● GOAL OF THE EXERCISE
Every line of the listing must be repeated exactly.

● GIVEN INFORMATION
++++++++++

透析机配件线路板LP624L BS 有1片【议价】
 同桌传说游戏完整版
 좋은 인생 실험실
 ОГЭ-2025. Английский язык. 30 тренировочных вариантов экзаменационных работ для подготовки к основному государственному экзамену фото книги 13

++++++++++

● WRITTEN REPLY
透析机配件线路板LP624L BS 有1片【议价】
 同桌传说游戏完整版
 좋은 인생 실험실
 ОГЭ-2025. Английский язык. 30 тренировочных вариантов экзаменационных работ для подготовки к основному государственному экзамену фото книги 13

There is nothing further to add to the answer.